Material for this task:
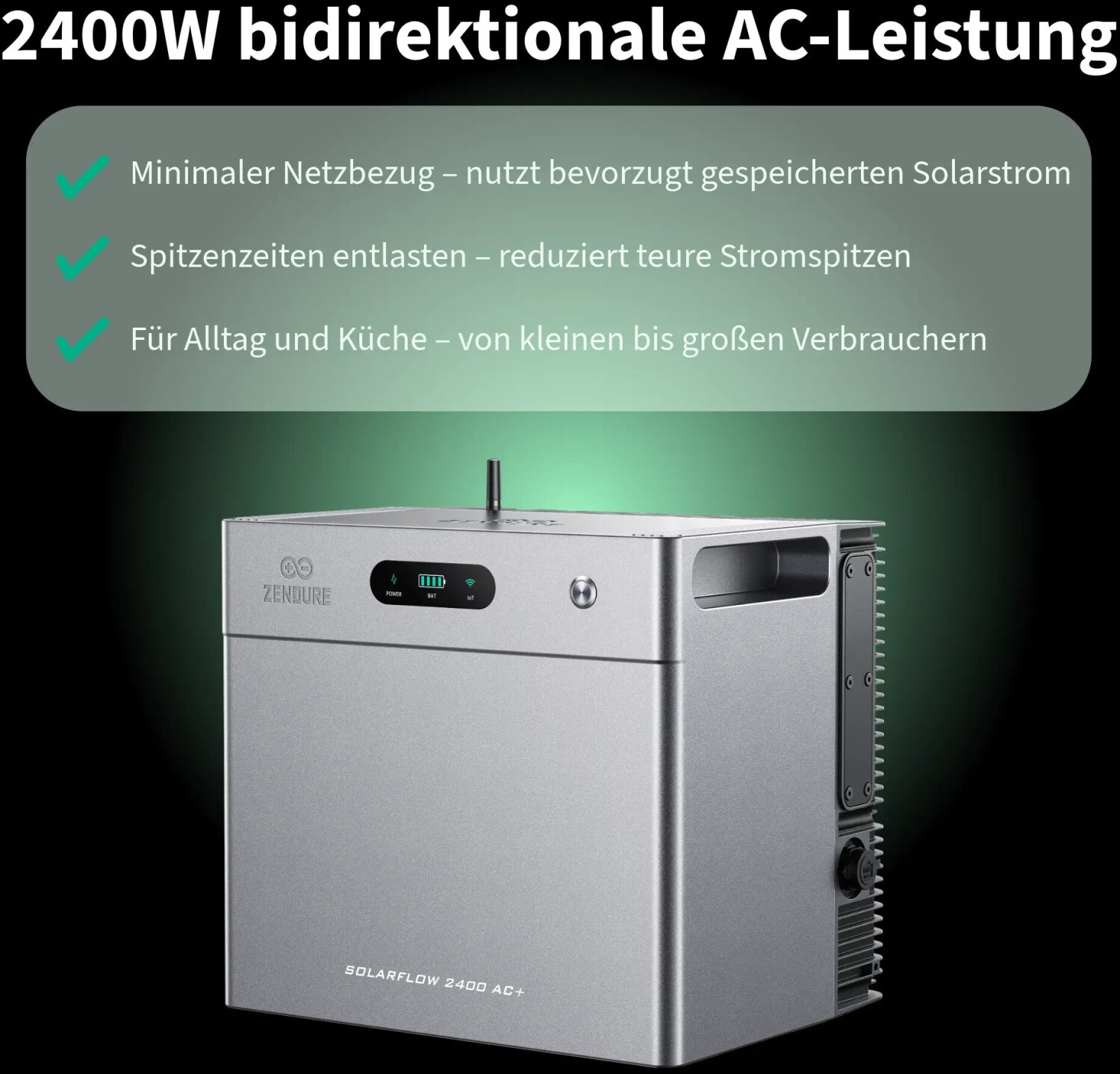 Zendure SolarFlow 2400 AC Plus 2,4kWh mit 1 x AB3000L 2,88kWh ab 1.349 ...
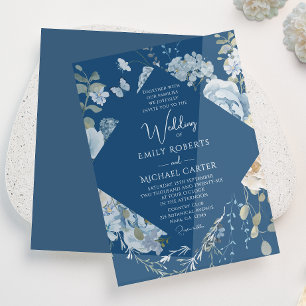 Invitations En Vélin Mariage floral romantique bleu Dusty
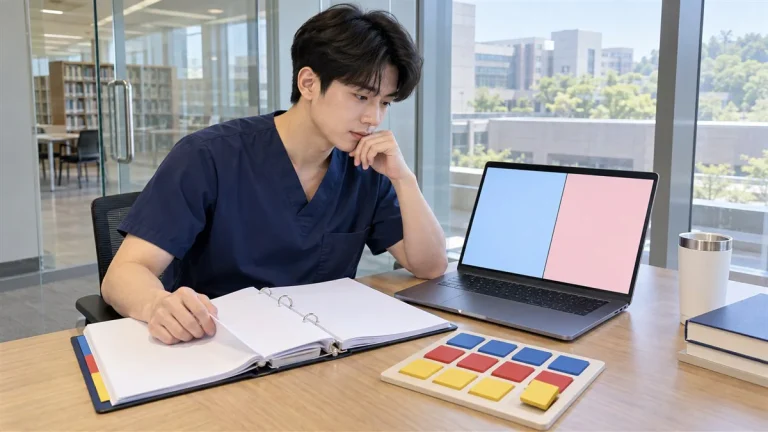 빈 화면과 빈 법규 바인더를 비교하며 계획 타일 하나를 옮기는 20대 한국인 남자 간호학생
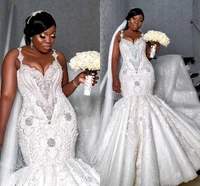 luxury african mermaid wedding dresses plus size 2023 robe de mariee beaded crystal lace wedding gowns custom made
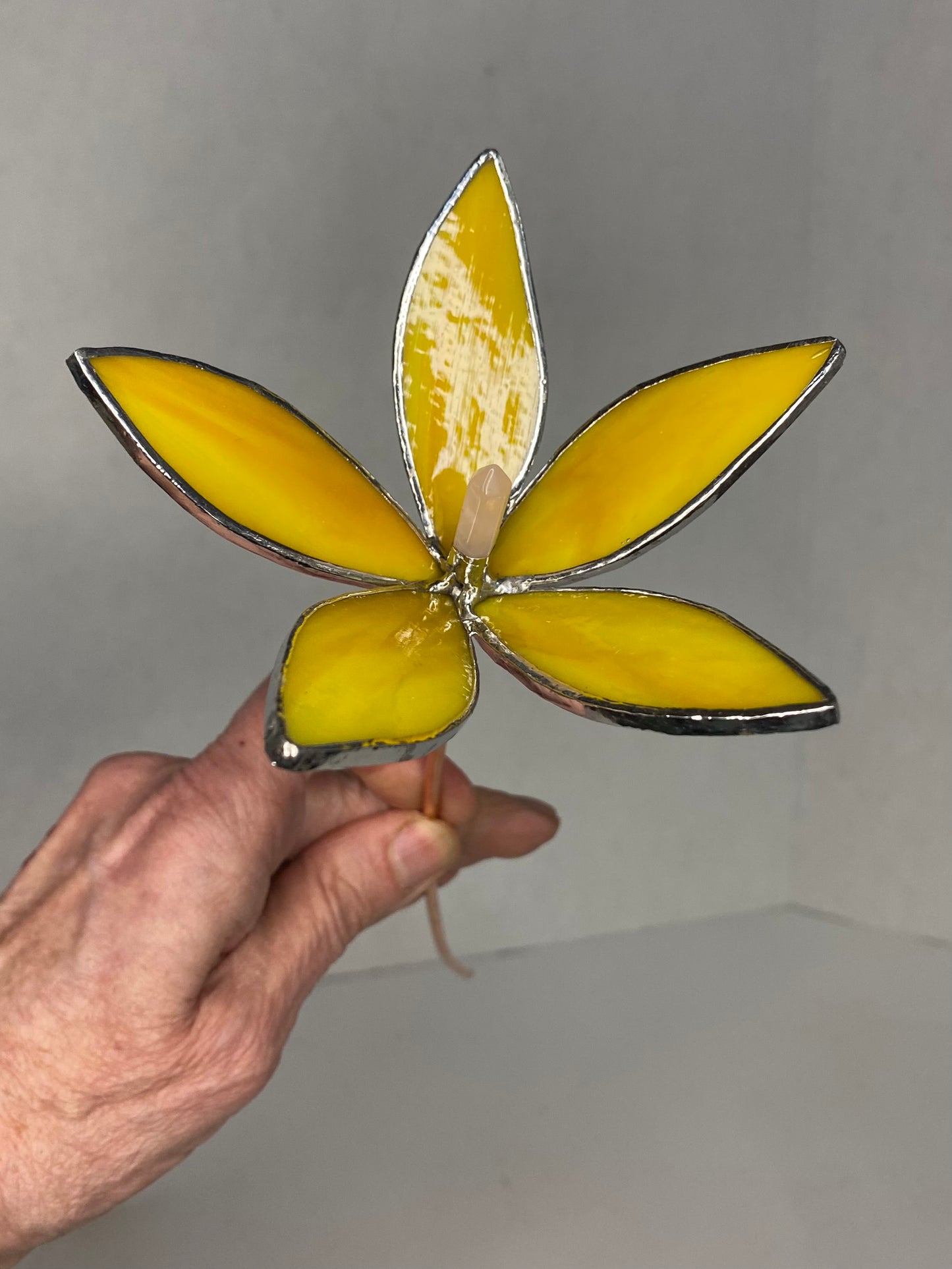 Yellow Glass Flower Plant Stakes by Hip Chick Glass | Stained Glass Flower Bouquet, Glass Flowers with Quartz Crystals on a Stem, Handmade Home Decor, Wedding Bouquet Keepsake, Tabletop Decor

Instructions to follow: Starting at the line above that has "빈 화면과 빈 법규 바인더를" and ending at the line that has "luxury african mermaid", copy each line exactly, leaving the pictures out and adding nothing.

Solution for this problem:
 빈 화면과 빈 법규 바인더를 비교하며 계획 타일 하나를 옮기는 20대 한국인 남자 간호학생
 luxury african mermaid wedding dresses plus size 2023 robe de mariee beaded crystal lace wedding gowns custom made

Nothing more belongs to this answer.